"Here’s another question. Suppose Mars was at Earth’s orbit around the Sun, same atmosphere as it has now, what would its temperature be?"
The answer to this question will illustrate the Planet Surface Rotational Warming Phenomenon complete rightness!
The measured Mars' mean surface temperature at the actual Mars' distance from sun R.mars = 1,524AU is Tmean.1,524AU =210K
R = 1AU is the Earth's orbit distance from the sun in AU (astronomical units)

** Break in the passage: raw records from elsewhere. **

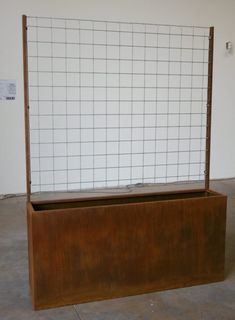 a wooden box with a grid design on the top and bottom, in front of a white wall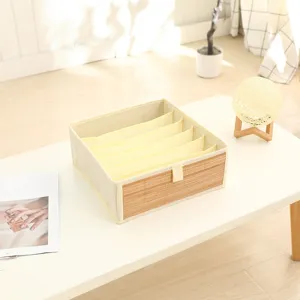 Close-up of the multi-compartment fabric storage box with bamboo front panel and neat grid dividers.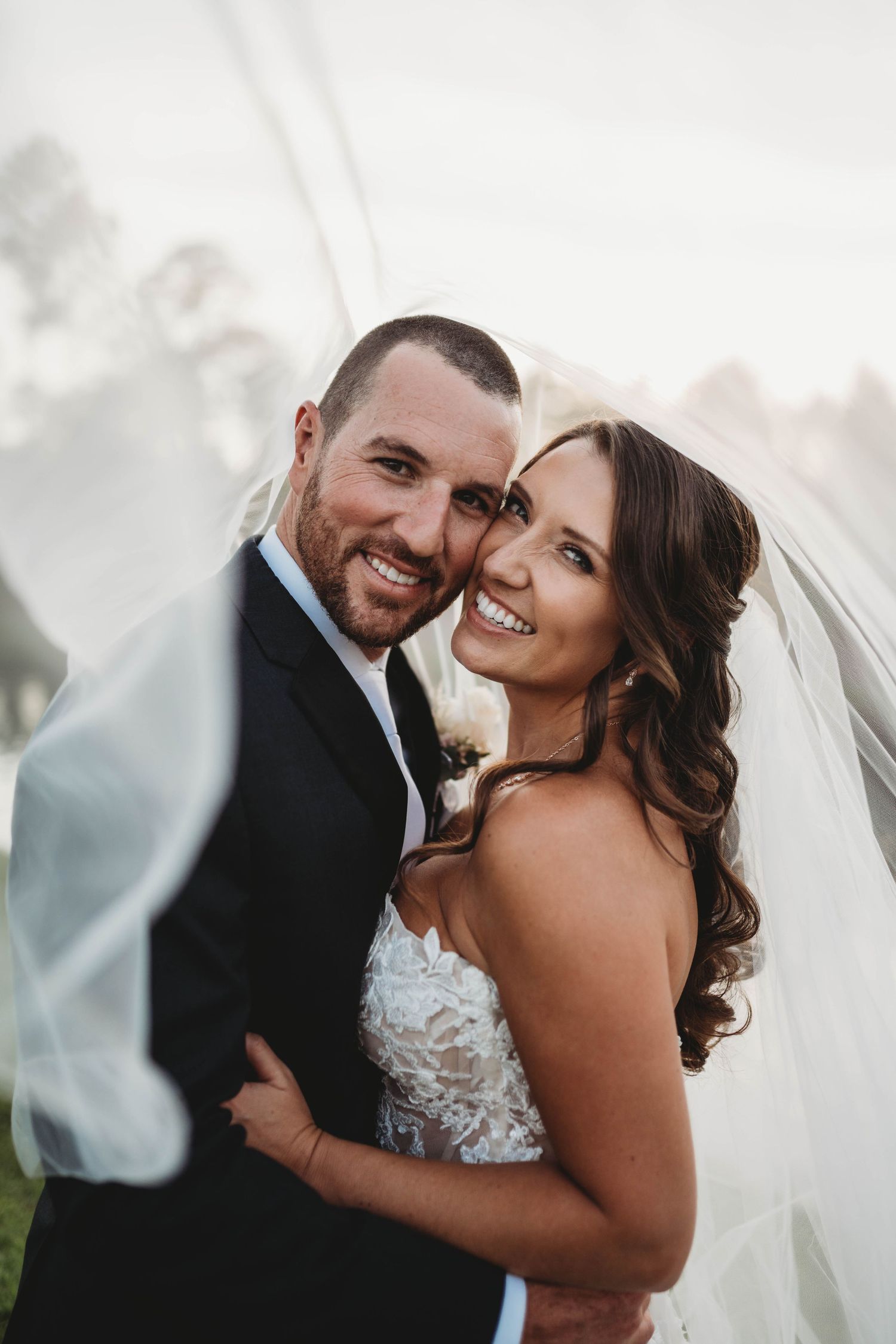 Happy newlyweds smiling together under bridal veil during outdoor portrait session.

Let's apply the inverse square law
(1/R²) = (1/1,524²) = 1/2,32
Mars has 2,32 times less solar irradiation intensity than Earth has Let's calculate using the Stefan-Boltzmann emission law 4 power. When estimating the emission temperature the 4th root of the emission intensity should be applied.
Thus, by analogue, Mars at the earth's orbit being irradiated 2,32 times higher, should have (2,32)¹∕ ⁴ times higher the mean surface temperature, than on its actual orbit of R.mars=1,524AU, but with the same rotational spin...
Mars performs 1 rotation every 24,622 hours or 0,9747 rot/day.
(2,32)¹∕ ⁴= 1,23416
Tmean.mars.1AU = 1,23416*Tmean.mars.1,524AU =
= 1,23416*210K = 259,17K or rounded 259K
Mars at earth's orbit would have Tmean.mars =259K.
When comparing with the measured moon's, because Moon also orbits sun at earth's distance, and Moon having a lower than Mars Albedo (a.moon =0,11; a.mars =0,250), thus Moon at earth's orbit being more intensively irradiated Moon/Mars = (1-0,11)So /(1-0,250)So = 0,89/0,75 = 1,187 times Moon is more intensively irradiated, and the measured Tmean.moon =220K
It is a solid proof of the Planet Surface Rotational Warming Phenomenon. The higher Mars' average surface temperature at Earth's orbit than Moon's, the 259K vs 220K, and the huge and undisputable difference of 259K -220K =Δ39C can be explained only by the Mars' rotational spin being 28,783 times faster than that of Moon's.